Friday, September 01, 2006

BUSH WHITEHOUSE VINDICATED

The Washington Post column on September 1, 2006 is titled: End of Affair. It was not Karl Rove or some other Bush loyalist that leaked Valerie Plame's name to Robert Novak -- it was Richard Armitage who was opposed to much of Bush policy.

Mr. Armitage was one of the Bush administration officials who supported the invasion of Iraq only reluctantly. He was a political rival of the White House and Pentagon officials who championed the war and whom Mr. Wilson accused of twisting intelligence about Iraq and then plotting to destroy him. Unaware that Ms. Plame's identity was classified information, Mr. Armitage reportedly passed it along to columnist Robert D. Novak "in an offhand manner, virtually as gossip," according to a story this week by the Post's R. Jeffrey.

It follows that one of the most sensational charges leveled against the Bush White House -- that it orchestrated the leak of Ms. Plame's identity to ruin her career and thus punish Mr. Wilson -- is untrue. The partisan clamor that followed the raising of that allegation by Mr. Wilson in the summer of 2003 led to the appointment of a special prosecutor, a costly and prolonged investigation, and the indictment of Vice President Cheney's chief of staff, I. Lewis "Scooter" Libby, on charges of perjury. All of that might have been avoided had Mr. Armitage's identity been known three years ago.

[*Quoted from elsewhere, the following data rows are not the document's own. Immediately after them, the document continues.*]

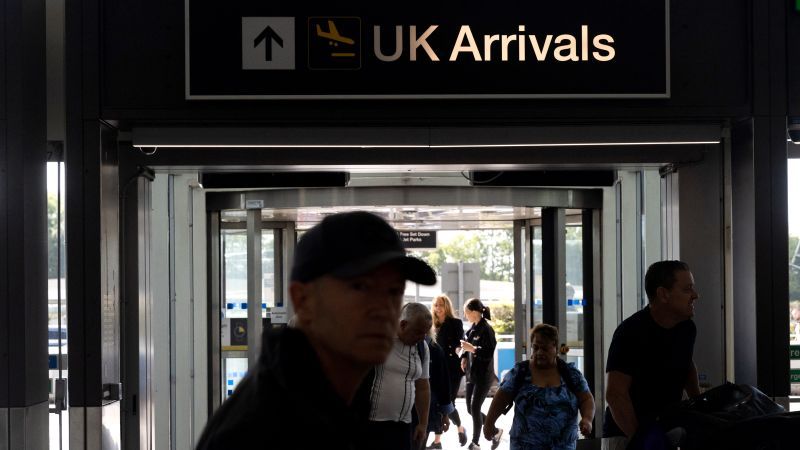 Chaos at UK airports as nationwide border system fails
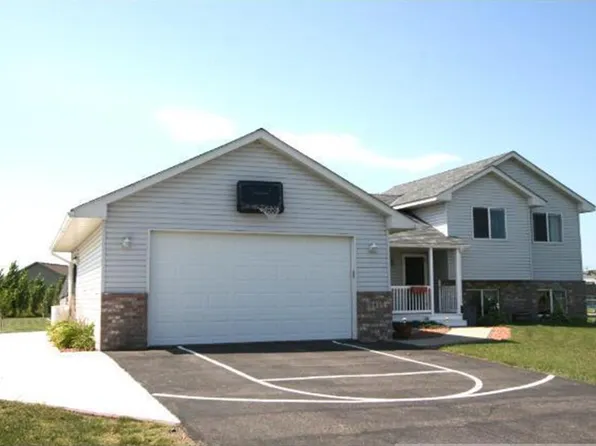 945 Kelsey Ave, Clearwater, MN 55320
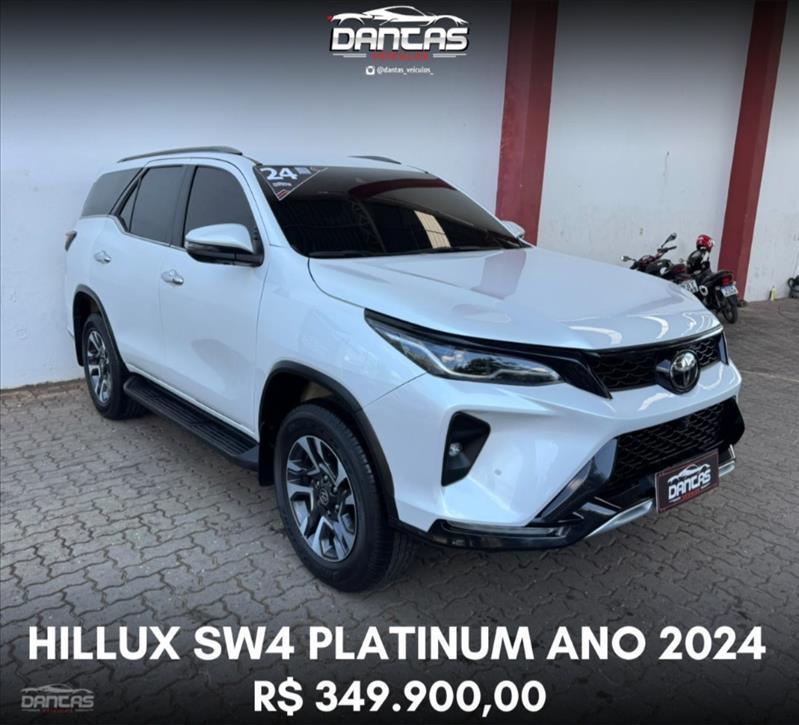 Toyota Hilux Sw4 Hilux SW4 SRX 4x4 2.8 TDI 16V Dies. Aut. 2024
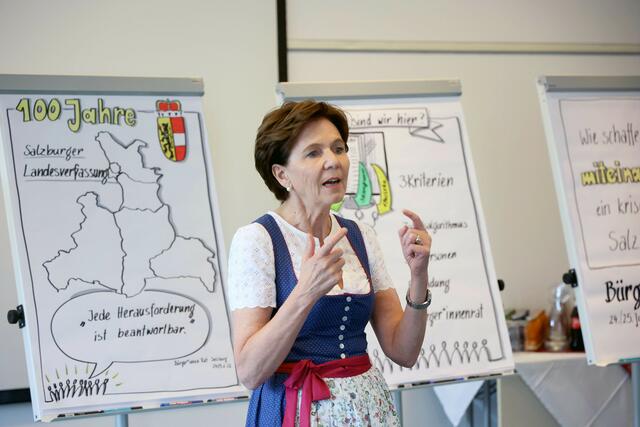 Landtagspräsidentin Brigitta Pallauf | Foto: Land Salzburg/Neumayr/Hölzl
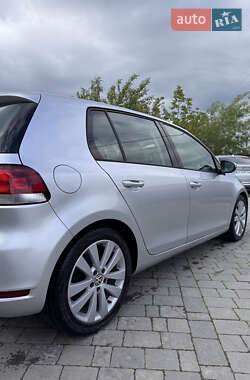 Хэтчбек Volkswagen Golf 2013 в 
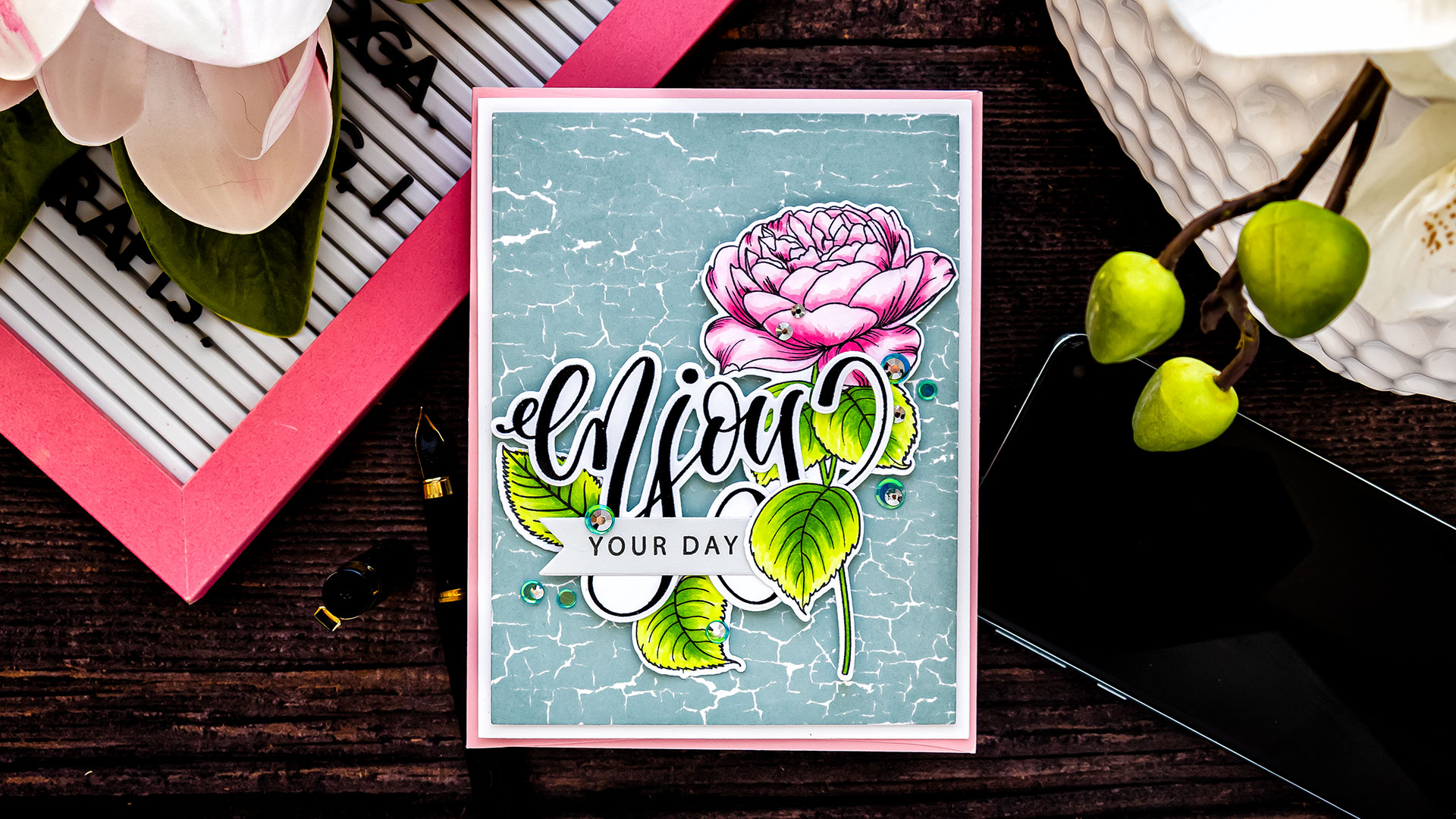 Simon Says Stamp | Let's Connect Release Inspiration - Enjoy Your Day Card featuring SSS102158 Reverse Crackle Background, SSS202175 Summer Roses #cardmaking #simonsaysstamp #SSSendACard #SSSUnitedWeCraft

Bush and his advisors may be guilty of other failures, but this is not one of them. I can't get over how much media type and Democrat hype was spent on this issue. My early thoughts of this affair was that it was "much ado about nothing." I am sure most people in the Plame-Wilson social circuit knew she was CIA--most of the time where you work is common knowledge so hundreds of other people may have know.